WHAT IS REQUIRED: Only the lines of the data below from the one with "This video is" through the one with "Alright, so in" are wanted. Repeat them exactly.

BEGIN DATASET CONTENT

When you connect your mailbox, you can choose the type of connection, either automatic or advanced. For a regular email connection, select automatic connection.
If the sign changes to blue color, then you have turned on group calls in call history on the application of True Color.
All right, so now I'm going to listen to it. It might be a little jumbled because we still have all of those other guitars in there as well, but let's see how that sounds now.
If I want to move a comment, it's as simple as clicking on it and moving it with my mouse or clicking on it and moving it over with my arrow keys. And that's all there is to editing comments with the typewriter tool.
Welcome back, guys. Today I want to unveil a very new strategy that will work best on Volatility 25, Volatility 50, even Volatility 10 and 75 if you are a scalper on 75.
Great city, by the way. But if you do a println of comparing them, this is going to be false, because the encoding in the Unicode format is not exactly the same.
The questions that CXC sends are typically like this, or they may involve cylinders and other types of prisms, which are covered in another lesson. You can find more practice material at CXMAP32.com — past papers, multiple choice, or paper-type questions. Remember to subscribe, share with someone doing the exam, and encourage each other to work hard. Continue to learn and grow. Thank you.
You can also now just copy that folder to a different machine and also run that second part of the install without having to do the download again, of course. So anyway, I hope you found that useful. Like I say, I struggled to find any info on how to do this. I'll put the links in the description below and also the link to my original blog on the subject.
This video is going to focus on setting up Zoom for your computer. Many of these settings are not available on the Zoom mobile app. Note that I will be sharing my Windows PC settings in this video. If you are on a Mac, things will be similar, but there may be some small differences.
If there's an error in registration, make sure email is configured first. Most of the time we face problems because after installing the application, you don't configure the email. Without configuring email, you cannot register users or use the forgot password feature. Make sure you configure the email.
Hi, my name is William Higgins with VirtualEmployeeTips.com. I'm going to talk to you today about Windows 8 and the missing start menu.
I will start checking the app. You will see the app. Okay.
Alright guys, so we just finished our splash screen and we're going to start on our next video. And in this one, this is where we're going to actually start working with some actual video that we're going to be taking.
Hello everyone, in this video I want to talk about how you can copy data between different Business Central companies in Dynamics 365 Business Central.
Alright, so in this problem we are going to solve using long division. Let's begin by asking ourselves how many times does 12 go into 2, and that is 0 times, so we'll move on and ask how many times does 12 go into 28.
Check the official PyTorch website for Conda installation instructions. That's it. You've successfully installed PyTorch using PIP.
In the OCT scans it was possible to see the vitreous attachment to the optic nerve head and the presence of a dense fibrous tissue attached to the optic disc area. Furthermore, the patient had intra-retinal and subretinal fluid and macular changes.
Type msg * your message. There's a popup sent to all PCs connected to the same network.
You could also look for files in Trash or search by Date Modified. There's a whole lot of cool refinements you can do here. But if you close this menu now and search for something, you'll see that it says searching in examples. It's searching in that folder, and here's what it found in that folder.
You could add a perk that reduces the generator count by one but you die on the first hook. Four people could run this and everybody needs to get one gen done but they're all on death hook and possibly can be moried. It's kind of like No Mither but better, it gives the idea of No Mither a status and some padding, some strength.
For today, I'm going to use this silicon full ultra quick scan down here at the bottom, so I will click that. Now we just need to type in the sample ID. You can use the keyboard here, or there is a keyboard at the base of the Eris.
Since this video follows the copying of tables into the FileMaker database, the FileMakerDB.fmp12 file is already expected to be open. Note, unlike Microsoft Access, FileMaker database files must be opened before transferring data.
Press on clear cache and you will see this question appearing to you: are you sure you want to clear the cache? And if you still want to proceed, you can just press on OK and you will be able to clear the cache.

END DATASET CONTENT

ANSWER TO THE EXERCISE:
This video is going to focus on setting up Zoom for your computer. Many of these settings are not available on the Zoom mobile app. Note that I will be sharing my Windows PC settings in this video. If you are on a Mac, things will be similar, but there may be some small differences.
If there's an error in registration, make sure email is configured first. Most of the time we face problems because after installing the application, you don't configure the email. Without configuring email, you cannot register users or use the forgot password feature. Make sure you configure the email.
Hi, my name is William Higgins with VirtualEmployeeTips.com. I'm going to talk to you today about Windows 8 and the missing start menu.
I will start checking the app. You will see the app. Okay.
Alright guys, so we just finished our splash screen and we're going to start on our next video. And in this one, this is where we're going to actually start working with some actual video that we're going to be taking.
Hello everyone, in this video I want to talk about how you can copy data between different Business Central companies in Dynamics 365 Business Central.
Alright, so in this problem we are going to solve using long division. Let's begin by asking ourselves how many times does 12 go into 2, and that is 0 times, so we'll move on and ask how many times does 12 go into 28.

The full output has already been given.